My son is very much against drinking & drugs and is thinking about substance free housing as a way to make some party schools an acceptable alternative for him. It will be his choice and I have no axe to grind on the subject.
Substance free dorms sound like a great concept…I’m curious to hear what parents (& your DSs and DDs) think of the reality of substance free dorms. Are they just window dressing for parents or do they really operate as advertised? If you had a child in one, what were the lessons learned? Are there unintended consequences with these dorms?
Anecdotally, I’ve heard both good and bad. The good is that it’s a collection of many kids who want to eschew the weed smoke and Sunday morning vomit – as intended.
But sometimes families insert kids w/prior addiction issues into the mix, in hopes of shielding them, but the underlying problems still emerge – causing issues. But I suppose that can occur in any housing scenario.
The one at my undergrad was populated by students whose parents required them to be in there and they had no intention of being substance free.
Fwiw, I was in a residential college dorm at a huge party school and didn’t do drugs and rarely drank. It wasn’t a big deal and I was always able to find people to hang out with who weren’t partying.
My S did not drink at all when he started college. He was in a substance free dorm at Fordham for his freshman year and a wellness hall for his sophomore year. Overall, I’d say that the substance free dorm/hall experience was a huge plus for him. Yes, some kids in the dorms did drink and stuff (and yes my S did learn to have the occasional beer etc.), but there were plenty of kids who did not.

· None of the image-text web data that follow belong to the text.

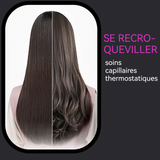 Brosse lissante pour cheveux 2-en-1 utilisation humide et sèche trois niveaux de réglage de la température peigne à lisser argent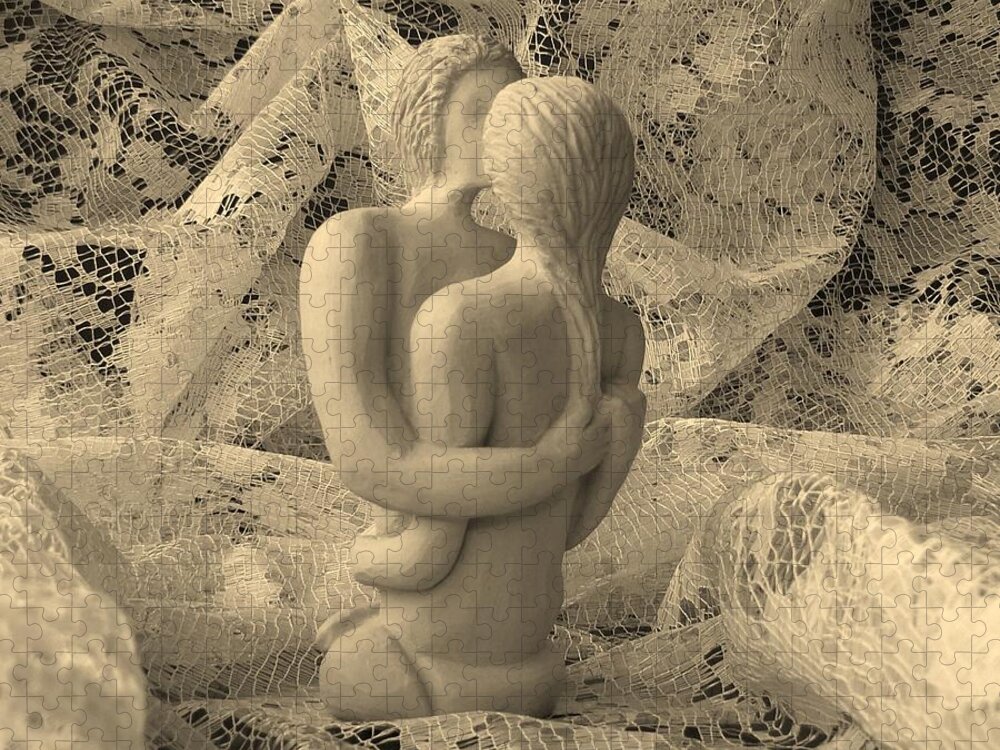 Sculpture Jigsaw Puzzle featuring the sculpture A Lace Kiss by Barbara St Jean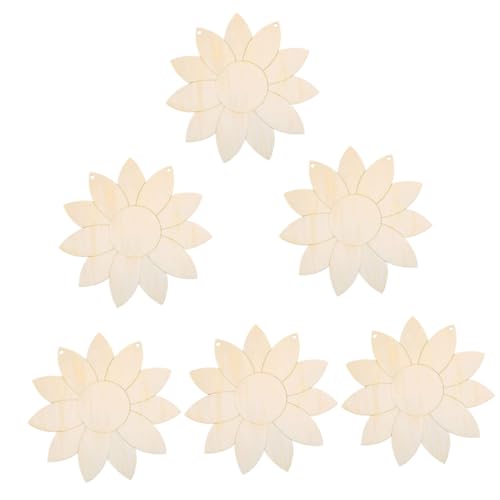 BELLIFFY 6St Sonnenblumenchips Haushaltsausschnitte Handwerk bewaldeter Span dekoration weihnachten weinachtsdeko weihnacjtsdeko leere Holzscheiben Graffiti farbiger Sonnenblumenausschnitt von BELLIFFY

The dorms (especially his freshman dorm) also had more dorm-related activities than many other dorms on campus which was also a plus. I really think his living arrangements helped him to adjust to college life and find like-minded friends.
At Fordham there were no “unintended consequences” to being in the wellness dorm as the freshman dorm was considered to be one of the really nice places to live on campus (which is why some people who didn’t really want a wellness environment went into the dorm) and sophomore year it was just a hallway or two in a larger, very nice dorm so there was no issue. At some schools there may be a social stigma to being in a wellness dorm, but we only saw positives with my S’s experience. It is a question you could ask tour guides or students you know who are at the different colleges you are looking at.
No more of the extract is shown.